SPEAKER_02Yeah, good question. So I am because I'm currently co-parenting with my ex-husband, so we share our kids 50-50. And on the days that I have the kids, I'm so pumped and so excited. And I want to go out and do all the fun things and take them on all the adventures. However, I do have to also honor my capacity that usually on weekdays after 5 p.m., they may be dysregulated and overwhelmed. And it kind of depends on their mood. Like maybe they just want to stay home and jump on the couch and color together. And maybe on the weekends, I'm still afraid my two-year-old might run away. So if I do go to the zoo, or if I go to a farmer's market, or if I go to a friend's house, or if I do things out, like we've got a Sakura Cherry Blossom Japanese festival happening this weekend. If I were to take them to that, I would probably ask for some friends or family or reinforcements to come. So I did I wouldn't fear losing them in a crowd or something because I still don't fully trust myself on my own with them. It still feels a bit overwhelming sometimes.
SPEAKER_00Cause it is.
SPEAKER_02Yes.
unknownThank you.
SPEAKER_00Well, like my my older girls, like um going whenever they got older, like going to the zoo with them where I'd be with their younger brother, like pushing the stroller, is a very different vibe of like, okay, I know the playground is right over there at the zoo. I know the animal you want to see is just right up ahead. So if you get out of eyesight or something like that, I know exactly where you are, and I trust that you won't get distracted and you'll end up there. Like a two and a four-year-old, like, no, I I want to give them responsibility, but like, no, they're they're young, they're two and fourth. It's be a great way for you to be very mad at your kids and very anxious for an entire morning and afternoon if you thought you couldn't do that.

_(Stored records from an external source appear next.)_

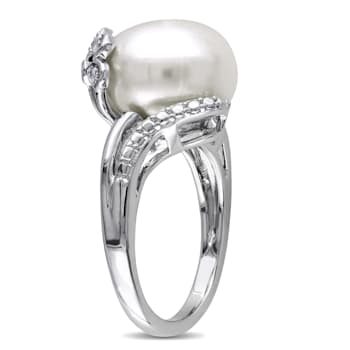 12-12.5MM Freshwater Cultured Pearl Ring with Diamonds in Sterling Silver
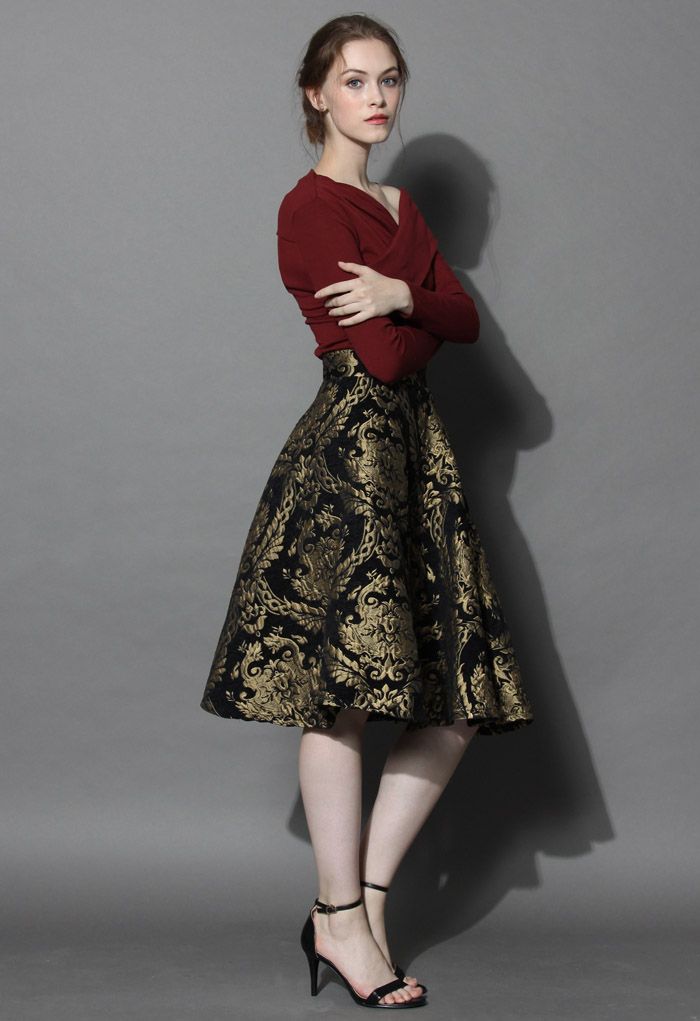 Golden Bouquet Jacquard Midi Skirt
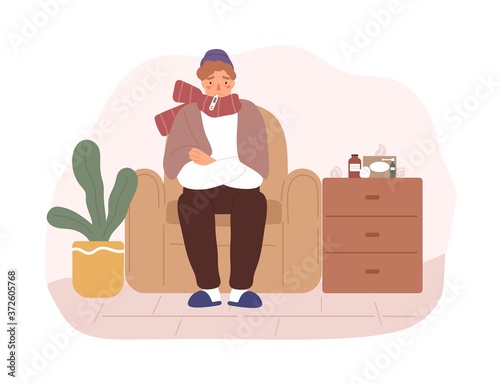 Illness guy sit on armchair with thermometer in mouth vector flat illustration. Male in scarf with fever or cold disease having influenza symptoms isolated. Man shivering with seasonal sickness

SPEAKER_02Totally, totally very dysregulating. And especially since like my son has some sensory sensitivities. I have ADHD. I don't know if he has ADHD, but yeah, there's also like a huge emotional regulation component where if he is regulated, like he'll be excited and it'll be great. But if he's overwhelmed and every small thing sets him off, then it's like, okay, I gotta be there for him to help him co-regulate and feel okay. But then my daughter might also be like, what about me? I'm like, oh gosh, I'm only one person.
SPEAKER_00And then you're like, I forgot to buy the one thing I came to the farmer's market to buy. I thought I was gonna buy some vegetables, maybe some local produce, and I just made sure my kids felt safe for two hours instead.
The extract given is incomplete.